Skip the pictures and restate, word for word, the lines from the one containing "Neon Ethnic Aztec Trippy Print Crew Socks" to the end of the data below.

★ ★ ★ ★

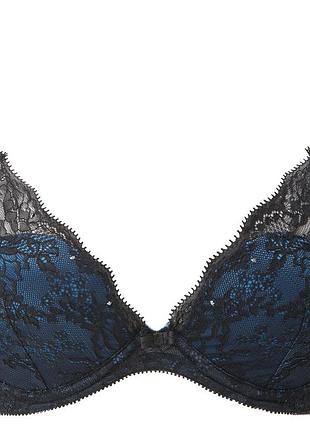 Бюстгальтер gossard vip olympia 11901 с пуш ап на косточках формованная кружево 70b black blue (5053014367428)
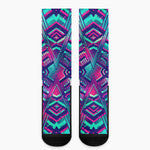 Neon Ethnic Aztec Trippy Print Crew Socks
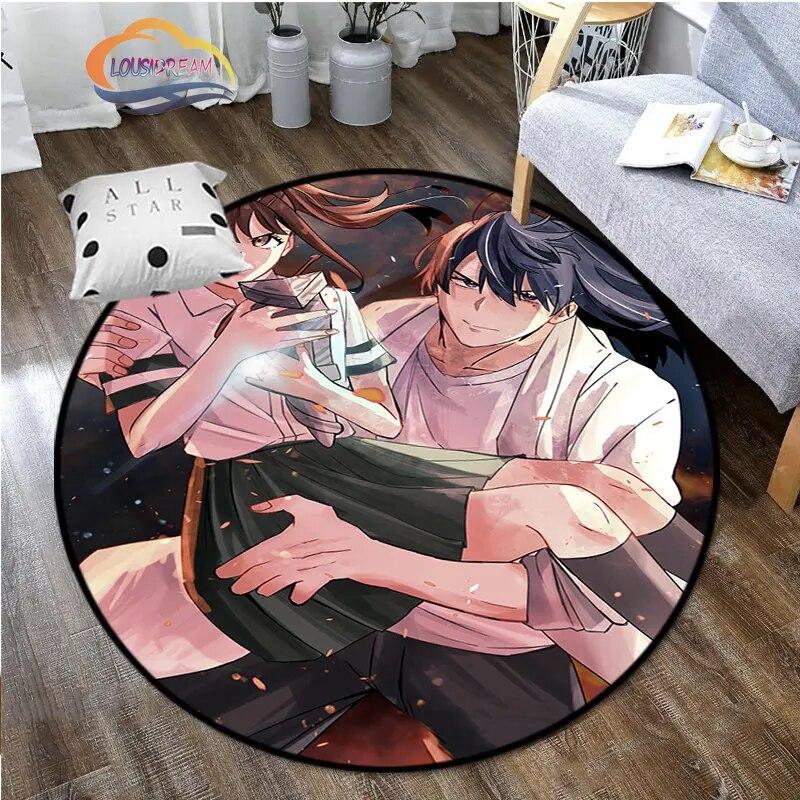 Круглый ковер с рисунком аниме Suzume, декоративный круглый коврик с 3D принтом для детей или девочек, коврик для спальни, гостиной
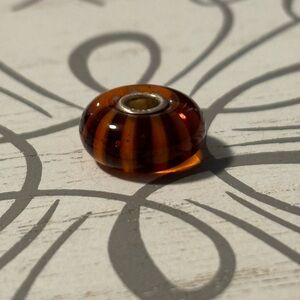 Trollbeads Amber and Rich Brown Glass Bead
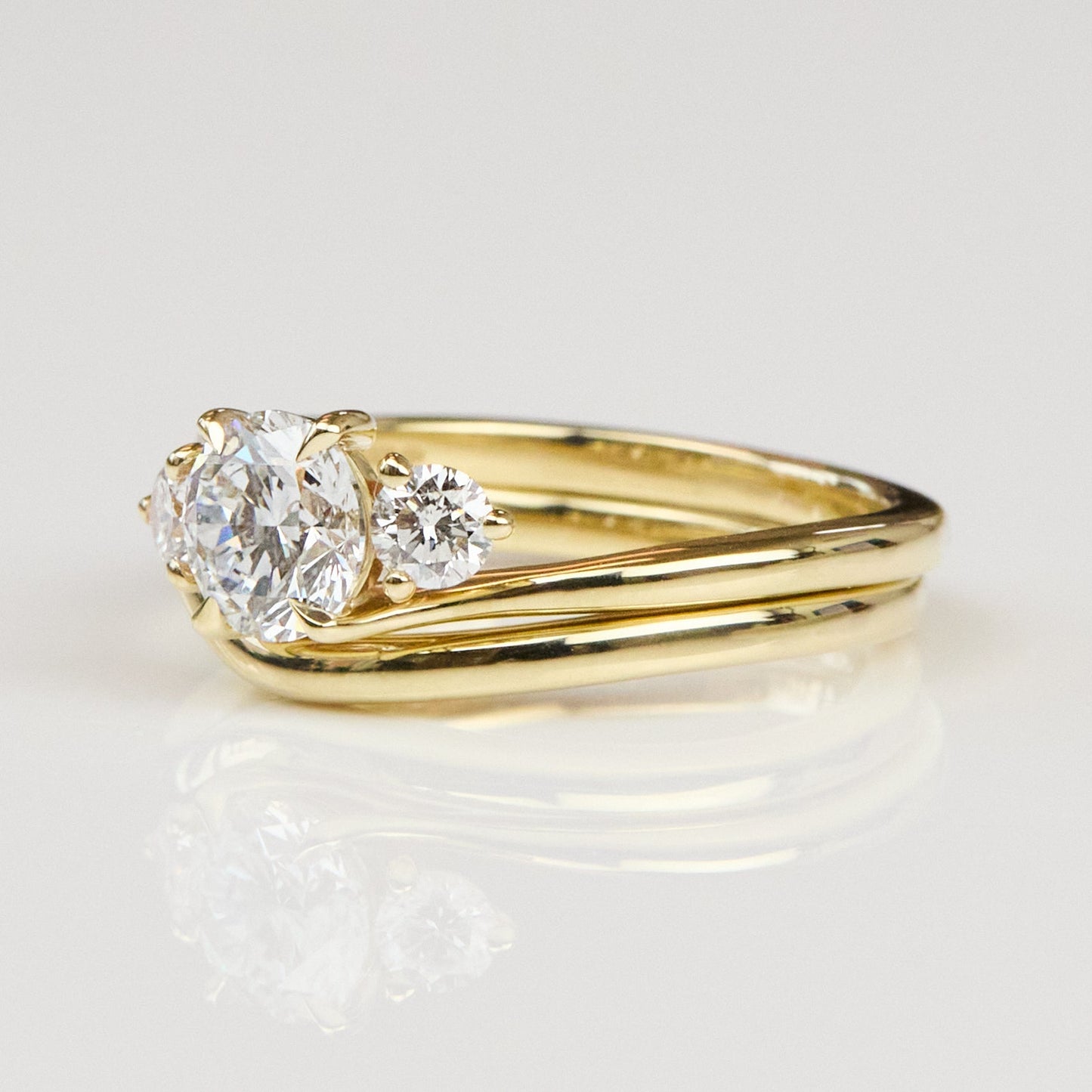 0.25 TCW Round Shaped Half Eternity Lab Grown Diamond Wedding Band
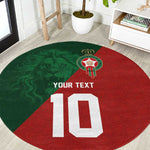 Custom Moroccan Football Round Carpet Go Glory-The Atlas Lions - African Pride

★ ★ ★ ★

### RESULT FOR THIS EXERCISE
 Neon Ethnic Aztec Trippy Print Crew Socks
 Круглый ковер с рисунком аниме Suzume, декоративный круглый коврик с 3D принтом для детей или девочек, коврик для спальни, гостиной
 Trollbeads Amber and Rich Brown Glass Bead
 0.25 TCW Round Shaped Half Eternity Lab Grown Diamond Wedding Band
 Custom Moroccan Football Round Carpet Go Glory-The Atlas Lions - African Pride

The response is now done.